Bajo esta lógica irrumpe hoy el movimiento feminista. Es poco probable que López Obrador desconozca las desigualdades existentes entre hombres y mujeres en el terreno político, laboral, jurídico, y en general en toda la dinámica social. No ignora esta realidad, pero -a juzgar por el trato que les da a políticas como Sheinbaum, a figuras como Gutiérrez Müller, y por los posicionamientos públicos que ha hecho al respecto- sería irresponsable afirmar que impulsa estas desigualdades y que las reproduce conscientemente. Lo cierto es que la agenda del feminismo -despenalización del aborto, políticas públicas contra la violencia de género, etc.- no forma parte de las demandas que moldearon el proyecto de nación de Andrés Manuel. No rechaza abiertamente las reivindicaciones feministas -a pesar de ser un hombre profundamente religioso- pero tampoco las apoya.

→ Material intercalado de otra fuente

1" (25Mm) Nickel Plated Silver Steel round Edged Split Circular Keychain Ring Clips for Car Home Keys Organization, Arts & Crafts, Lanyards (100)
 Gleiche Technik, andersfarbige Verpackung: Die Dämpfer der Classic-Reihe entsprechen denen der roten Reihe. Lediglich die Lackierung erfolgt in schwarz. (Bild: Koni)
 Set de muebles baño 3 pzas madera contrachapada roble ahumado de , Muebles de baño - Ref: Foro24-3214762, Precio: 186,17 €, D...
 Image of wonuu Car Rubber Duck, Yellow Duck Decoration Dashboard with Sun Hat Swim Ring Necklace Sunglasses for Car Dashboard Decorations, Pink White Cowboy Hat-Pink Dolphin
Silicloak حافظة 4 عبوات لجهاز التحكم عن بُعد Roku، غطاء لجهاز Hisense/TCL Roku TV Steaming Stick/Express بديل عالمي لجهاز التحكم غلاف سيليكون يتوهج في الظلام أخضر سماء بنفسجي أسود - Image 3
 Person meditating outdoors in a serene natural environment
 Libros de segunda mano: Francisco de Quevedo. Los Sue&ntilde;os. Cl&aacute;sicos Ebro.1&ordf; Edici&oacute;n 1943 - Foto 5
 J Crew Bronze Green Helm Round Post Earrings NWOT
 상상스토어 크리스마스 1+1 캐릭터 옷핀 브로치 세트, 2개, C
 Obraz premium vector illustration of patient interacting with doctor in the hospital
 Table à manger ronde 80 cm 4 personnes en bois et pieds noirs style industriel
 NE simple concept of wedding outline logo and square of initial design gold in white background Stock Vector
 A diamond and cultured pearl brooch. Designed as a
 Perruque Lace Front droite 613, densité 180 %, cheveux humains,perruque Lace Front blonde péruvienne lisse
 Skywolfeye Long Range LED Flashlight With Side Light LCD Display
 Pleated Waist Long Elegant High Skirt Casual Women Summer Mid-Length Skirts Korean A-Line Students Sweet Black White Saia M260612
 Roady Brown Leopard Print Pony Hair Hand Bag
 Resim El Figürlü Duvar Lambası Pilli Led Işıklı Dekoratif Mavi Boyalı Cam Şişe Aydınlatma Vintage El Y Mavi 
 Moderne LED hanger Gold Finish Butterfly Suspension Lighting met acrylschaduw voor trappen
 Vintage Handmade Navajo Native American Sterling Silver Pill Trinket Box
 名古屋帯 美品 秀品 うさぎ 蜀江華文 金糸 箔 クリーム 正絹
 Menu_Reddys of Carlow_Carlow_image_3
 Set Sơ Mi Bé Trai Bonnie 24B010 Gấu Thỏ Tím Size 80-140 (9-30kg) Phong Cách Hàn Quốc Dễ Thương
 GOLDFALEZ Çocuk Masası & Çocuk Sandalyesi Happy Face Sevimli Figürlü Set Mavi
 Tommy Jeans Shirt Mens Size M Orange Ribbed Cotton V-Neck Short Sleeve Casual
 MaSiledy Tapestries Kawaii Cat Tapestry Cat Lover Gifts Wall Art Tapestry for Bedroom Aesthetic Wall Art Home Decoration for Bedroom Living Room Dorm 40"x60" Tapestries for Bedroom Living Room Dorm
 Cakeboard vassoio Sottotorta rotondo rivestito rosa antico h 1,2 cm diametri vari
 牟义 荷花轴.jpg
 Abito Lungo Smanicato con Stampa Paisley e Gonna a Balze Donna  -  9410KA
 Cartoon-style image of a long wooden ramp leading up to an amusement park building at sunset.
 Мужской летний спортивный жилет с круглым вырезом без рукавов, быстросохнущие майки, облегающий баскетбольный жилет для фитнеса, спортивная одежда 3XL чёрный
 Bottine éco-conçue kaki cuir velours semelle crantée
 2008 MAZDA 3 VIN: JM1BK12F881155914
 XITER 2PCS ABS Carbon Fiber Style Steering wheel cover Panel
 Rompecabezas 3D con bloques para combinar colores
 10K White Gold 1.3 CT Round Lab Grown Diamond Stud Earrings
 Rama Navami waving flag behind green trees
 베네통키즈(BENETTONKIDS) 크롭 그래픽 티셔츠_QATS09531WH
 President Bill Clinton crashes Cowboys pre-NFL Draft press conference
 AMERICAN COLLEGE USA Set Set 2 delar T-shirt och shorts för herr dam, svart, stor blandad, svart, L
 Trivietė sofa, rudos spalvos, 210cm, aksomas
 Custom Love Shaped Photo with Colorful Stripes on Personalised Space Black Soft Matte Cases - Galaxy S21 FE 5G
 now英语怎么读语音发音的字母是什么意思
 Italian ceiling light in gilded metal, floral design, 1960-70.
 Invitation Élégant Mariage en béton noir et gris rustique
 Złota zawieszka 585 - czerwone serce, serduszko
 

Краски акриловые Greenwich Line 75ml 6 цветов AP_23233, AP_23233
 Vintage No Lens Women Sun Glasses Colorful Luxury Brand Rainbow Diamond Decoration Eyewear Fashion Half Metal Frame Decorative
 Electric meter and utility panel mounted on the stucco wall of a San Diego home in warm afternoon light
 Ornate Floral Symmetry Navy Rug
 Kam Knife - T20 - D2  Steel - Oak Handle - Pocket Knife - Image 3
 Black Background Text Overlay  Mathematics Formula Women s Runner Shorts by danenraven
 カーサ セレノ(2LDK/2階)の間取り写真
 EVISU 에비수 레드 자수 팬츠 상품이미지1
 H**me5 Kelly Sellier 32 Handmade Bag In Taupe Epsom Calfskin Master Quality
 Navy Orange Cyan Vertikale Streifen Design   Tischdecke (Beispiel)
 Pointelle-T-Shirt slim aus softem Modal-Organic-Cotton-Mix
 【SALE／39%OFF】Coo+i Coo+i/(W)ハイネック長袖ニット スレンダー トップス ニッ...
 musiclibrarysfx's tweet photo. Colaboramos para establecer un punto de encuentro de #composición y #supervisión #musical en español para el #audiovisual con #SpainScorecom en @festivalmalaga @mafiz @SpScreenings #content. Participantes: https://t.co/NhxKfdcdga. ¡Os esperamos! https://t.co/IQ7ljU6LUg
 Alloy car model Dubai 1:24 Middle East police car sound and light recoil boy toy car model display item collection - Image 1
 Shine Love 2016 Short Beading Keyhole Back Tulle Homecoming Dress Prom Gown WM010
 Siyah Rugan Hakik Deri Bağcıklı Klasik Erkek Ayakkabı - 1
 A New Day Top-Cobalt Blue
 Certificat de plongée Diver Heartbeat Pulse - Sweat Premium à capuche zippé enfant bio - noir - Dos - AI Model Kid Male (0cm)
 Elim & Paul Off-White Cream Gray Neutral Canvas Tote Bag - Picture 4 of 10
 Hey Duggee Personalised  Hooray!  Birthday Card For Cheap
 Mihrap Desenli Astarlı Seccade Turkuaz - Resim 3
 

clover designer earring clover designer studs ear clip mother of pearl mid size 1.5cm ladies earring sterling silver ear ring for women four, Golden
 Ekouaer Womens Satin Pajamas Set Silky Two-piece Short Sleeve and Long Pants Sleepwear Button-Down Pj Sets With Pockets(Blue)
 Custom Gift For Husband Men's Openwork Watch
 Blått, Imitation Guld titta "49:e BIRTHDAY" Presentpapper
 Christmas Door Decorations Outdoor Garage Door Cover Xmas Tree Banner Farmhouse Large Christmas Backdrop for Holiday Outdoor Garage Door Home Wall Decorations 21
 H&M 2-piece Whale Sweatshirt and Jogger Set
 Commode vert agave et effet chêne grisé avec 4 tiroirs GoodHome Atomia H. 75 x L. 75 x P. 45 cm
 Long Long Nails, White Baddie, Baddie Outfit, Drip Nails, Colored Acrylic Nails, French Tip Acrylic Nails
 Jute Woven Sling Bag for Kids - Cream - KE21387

No son prioritarias.
La creciente ola de feminicidios por la que atraviesa el país sacó a la 4T del confort en el que se había instalado. El movimiento feminista que lucha por el respeto a la vida de las mujeres, interpela directamente al inquilino de Palacio Nacional y le exige respuestas concretas que ayuden a corregir la alarmante situación nacional. Obrador está visiblemente incómodo, le cuesta trabajo administrar la crisis, y pierde por momentos el dominio del debate público. ¿Qué cambió? Los gastados recursos de la retórica mañanera -son los opositores, los conservadores, los que mueven a las mujeres- han resultado insuficientes para descalificar la lucha del feminismo. Es tan hondo y legítimo el reclamo, que incluso notables voceros del obradorismo, y personajes de su partido, han pedido tímidamente que el presidente rectifique su posición sobre el tema.
Para AMLO las feministas deben esperar pacientemente a que él se encargue de sus problemas. El “héroe” de la historia patria resolverá lo que esté mal, pero que las mujeres no se movilicen, que no le pinten paredes, pide encarecidamente mientras improvisa un inservible “decálogo contra la violencia hacia las mujeres”. Solo que esta vez las masas no esperan, porque esta vez las masas luchan -literalmente- por su vida, y porque esta vez no son los campesinos, los obreros, los empresarios, los conservadores o la mafia del poder. Esta vez son 63 millones de mujeres mexicanas cansadas de sufrir por el simple hecho de vivir. Y un movimiento así de numeroso y potente, nunca pudo detenerlo ninguno de los grandes hombres de la Historia.
Ehécatl Lázaro es especialista en Estudios Latinoamericanos por la UNAM e investigador del Centro Mexicano de Estudios Económicos y Sociales.